• **What you have to do**
Filter the records below, keeping only lines with the string "Rose".
[Records shown]
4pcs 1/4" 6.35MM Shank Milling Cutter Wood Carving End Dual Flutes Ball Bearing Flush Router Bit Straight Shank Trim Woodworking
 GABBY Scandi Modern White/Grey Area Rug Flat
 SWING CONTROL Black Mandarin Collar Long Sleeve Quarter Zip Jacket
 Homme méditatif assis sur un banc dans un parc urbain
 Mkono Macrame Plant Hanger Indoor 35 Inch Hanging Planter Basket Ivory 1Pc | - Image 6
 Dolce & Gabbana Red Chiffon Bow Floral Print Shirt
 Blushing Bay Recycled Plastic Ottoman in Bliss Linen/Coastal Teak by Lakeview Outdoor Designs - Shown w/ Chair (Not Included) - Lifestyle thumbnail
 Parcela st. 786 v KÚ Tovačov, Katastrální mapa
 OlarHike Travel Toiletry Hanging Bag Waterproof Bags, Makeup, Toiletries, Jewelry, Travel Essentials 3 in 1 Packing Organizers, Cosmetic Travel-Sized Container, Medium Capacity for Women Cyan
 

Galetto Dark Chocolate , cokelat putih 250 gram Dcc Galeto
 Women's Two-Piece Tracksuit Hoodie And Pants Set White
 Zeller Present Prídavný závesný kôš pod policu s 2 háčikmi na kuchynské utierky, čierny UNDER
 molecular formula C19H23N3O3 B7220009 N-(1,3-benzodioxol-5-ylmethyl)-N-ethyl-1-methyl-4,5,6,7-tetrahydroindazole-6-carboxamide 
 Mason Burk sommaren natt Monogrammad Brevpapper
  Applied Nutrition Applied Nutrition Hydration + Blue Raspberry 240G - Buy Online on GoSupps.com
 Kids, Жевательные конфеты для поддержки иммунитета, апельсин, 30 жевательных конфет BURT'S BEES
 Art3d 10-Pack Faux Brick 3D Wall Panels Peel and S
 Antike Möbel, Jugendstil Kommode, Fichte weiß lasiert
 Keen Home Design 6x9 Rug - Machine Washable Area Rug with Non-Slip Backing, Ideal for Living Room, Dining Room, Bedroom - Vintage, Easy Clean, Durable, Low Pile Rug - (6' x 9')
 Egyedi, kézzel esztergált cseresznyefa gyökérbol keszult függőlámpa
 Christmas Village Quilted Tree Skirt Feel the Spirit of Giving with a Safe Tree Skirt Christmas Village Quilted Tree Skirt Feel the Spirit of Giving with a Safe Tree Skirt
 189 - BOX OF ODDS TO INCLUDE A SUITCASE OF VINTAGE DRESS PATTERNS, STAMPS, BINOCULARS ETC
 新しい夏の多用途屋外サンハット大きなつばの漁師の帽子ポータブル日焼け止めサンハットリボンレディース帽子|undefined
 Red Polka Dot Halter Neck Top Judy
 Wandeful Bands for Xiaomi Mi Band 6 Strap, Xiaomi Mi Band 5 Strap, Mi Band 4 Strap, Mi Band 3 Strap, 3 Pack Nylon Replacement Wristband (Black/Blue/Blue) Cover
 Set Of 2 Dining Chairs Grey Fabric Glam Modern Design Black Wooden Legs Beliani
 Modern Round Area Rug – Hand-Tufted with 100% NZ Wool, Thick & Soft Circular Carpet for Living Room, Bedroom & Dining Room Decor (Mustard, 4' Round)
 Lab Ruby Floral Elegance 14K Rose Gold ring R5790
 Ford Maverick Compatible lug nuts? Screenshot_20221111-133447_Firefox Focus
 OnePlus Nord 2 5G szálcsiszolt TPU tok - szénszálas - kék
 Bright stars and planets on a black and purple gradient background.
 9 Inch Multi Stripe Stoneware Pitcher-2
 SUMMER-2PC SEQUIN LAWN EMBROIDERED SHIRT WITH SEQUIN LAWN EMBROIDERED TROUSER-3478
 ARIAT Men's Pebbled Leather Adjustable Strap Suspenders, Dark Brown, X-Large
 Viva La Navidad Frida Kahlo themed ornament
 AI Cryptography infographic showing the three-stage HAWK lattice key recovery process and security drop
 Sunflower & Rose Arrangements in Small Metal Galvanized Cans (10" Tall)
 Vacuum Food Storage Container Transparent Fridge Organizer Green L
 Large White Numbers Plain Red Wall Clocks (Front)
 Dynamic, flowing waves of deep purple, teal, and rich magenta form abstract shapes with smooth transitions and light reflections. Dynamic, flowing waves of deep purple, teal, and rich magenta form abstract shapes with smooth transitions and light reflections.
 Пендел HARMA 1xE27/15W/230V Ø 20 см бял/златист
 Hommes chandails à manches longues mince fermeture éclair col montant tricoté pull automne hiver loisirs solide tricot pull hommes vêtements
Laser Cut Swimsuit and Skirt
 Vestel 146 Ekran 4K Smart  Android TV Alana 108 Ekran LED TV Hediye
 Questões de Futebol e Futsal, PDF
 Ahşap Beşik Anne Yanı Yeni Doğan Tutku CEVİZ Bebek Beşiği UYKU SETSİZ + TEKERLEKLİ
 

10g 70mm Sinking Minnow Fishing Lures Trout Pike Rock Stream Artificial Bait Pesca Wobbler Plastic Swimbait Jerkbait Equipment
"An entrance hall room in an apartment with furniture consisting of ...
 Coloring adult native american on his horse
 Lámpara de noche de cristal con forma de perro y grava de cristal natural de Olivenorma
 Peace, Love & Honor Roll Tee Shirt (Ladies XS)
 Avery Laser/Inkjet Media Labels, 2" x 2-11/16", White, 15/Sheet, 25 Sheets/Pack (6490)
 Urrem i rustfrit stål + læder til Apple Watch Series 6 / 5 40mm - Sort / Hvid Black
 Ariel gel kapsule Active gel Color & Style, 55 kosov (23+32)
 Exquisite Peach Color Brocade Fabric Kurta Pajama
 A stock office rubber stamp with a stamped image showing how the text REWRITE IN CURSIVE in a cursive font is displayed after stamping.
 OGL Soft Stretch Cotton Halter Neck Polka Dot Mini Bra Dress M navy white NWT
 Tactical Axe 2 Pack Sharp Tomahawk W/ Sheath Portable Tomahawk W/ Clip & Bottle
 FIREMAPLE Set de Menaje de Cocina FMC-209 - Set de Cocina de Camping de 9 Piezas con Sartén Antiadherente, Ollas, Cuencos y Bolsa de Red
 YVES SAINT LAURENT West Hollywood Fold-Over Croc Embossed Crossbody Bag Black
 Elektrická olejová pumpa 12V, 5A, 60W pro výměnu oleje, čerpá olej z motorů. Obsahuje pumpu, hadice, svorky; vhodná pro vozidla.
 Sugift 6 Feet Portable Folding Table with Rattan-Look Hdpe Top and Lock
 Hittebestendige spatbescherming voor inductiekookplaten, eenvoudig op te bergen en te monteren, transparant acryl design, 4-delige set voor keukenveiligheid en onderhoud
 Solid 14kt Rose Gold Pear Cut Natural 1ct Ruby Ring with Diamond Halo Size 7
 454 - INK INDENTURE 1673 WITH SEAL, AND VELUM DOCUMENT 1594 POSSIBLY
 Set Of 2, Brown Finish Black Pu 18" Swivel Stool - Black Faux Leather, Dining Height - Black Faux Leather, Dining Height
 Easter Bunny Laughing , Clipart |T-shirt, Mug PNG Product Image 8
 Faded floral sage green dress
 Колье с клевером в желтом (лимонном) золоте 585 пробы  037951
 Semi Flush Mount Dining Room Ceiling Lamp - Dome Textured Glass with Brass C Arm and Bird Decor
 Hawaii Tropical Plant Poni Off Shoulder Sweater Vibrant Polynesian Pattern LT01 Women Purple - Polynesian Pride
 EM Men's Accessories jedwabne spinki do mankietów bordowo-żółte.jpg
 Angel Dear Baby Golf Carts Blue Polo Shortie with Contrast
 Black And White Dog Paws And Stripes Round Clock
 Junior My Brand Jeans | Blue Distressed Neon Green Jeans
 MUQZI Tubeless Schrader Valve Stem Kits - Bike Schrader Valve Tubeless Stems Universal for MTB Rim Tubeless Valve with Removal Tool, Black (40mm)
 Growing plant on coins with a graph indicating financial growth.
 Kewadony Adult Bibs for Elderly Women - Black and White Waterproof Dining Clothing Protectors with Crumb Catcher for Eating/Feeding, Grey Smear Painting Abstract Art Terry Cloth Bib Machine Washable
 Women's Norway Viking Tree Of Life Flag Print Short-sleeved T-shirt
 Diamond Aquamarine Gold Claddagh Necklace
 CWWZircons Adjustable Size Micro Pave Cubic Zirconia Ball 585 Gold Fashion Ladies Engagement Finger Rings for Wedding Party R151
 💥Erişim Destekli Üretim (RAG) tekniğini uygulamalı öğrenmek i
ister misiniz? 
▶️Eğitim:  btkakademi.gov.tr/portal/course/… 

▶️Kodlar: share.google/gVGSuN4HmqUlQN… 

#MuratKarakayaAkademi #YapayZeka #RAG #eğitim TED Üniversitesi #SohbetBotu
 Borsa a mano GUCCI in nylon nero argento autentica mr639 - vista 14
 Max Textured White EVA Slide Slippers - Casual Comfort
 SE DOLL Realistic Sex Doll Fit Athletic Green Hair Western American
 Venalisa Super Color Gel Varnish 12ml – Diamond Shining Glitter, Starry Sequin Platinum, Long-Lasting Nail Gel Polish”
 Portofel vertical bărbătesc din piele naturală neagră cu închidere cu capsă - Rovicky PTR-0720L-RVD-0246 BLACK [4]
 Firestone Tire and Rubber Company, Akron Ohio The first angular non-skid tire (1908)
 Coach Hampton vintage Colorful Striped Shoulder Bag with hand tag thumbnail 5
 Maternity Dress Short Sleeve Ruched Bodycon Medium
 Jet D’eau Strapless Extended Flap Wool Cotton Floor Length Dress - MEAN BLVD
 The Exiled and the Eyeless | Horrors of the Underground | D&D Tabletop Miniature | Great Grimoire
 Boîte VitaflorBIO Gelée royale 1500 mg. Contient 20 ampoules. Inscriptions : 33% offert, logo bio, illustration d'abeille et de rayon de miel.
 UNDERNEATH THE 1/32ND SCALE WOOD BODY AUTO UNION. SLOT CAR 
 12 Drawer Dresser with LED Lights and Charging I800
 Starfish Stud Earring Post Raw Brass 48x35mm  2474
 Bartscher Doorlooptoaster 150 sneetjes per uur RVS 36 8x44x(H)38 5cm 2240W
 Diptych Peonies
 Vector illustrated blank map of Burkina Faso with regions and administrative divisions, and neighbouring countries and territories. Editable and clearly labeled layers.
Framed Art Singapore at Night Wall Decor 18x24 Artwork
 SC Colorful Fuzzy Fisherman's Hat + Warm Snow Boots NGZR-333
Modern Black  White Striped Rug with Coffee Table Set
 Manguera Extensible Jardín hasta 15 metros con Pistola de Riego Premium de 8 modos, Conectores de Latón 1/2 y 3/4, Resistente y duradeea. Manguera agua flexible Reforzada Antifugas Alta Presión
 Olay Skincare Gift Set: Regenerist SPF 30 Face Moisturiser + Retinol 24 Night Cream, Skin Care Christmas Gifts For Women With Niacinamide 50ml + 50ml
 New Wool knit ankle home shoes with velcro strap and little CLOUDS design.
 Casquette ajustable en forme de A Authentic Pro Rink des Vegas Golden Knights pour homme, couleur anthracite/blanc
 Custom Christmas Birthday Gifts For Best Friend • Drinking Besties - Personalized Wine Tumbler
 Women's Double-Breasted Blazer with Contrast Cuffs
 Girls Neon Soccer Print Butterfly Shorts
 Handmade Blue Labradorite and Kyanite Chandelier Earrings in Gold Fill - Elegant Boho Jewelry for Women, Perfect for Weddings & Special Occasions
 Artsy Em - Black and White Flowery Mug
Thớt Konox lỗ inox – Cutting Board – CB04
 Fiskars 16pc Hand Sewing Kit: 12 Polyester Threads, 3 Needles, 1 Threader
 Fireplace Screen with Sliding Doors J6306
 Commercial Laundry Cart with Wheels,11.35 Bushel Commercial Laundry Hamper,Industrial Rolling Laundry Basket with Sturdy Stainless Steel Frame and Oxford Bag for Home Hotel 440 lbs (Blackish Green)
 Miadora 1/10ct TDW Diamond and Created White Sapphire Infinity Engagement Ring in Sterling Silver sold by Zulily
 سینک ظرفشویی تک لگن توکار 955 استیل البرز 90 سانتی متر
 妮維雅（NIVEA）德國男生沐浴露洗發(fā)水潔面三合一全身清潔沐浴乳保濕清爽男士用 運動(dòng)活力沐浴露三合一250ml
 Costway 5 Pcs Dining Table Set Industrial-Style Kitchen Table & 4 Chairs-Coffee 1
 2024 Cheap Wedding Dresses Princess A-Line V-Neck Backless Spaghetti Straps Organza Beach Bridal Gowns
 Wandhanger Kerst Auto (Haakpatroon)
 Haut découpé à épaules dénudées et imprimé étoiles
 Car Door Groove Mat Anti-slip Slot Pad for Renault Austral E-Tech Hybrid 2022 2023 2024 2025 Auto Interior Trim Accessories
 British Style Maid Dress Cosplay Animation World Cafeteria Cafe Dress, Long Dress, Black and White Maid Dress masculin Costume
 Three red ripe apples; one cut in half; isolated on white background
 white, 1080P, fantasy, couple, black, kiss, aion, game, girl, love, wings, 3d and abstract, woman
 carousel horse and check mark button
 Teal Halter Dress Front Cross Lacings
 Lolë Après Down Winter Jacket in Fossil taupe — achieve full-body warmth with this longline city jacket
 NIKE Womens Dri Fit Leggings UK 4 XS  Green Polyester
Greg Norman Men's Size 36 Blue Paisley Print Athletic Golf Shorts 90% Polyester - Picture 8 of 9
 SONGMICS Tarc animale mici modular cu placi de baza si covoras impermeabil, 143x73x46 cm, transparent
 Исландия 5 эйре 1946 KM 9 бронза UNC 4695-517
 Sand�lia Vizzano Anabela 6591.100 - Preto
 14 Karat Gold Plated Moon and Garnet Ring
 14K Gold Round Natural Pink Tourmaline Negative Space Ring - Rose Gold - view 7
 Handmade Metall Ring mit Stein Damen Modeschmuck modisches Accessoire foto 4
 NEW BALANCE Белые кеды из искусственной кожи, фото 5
[/Records shown]
• **Response**
 Lab Ruby Floral Elegance 14K Rose Gold ring R5790
 Sunflower & Rose Arrangements in Small Metal Galvanized Cans (10" Tall)
 Solid 14kt Rose Gold Pear Cut Natural 1ct Ruby Ring with Diamond Halo Size 7
 14K Gold Round Natural Pink Tourmaline Negative Space Ring - Rose Gold - view 7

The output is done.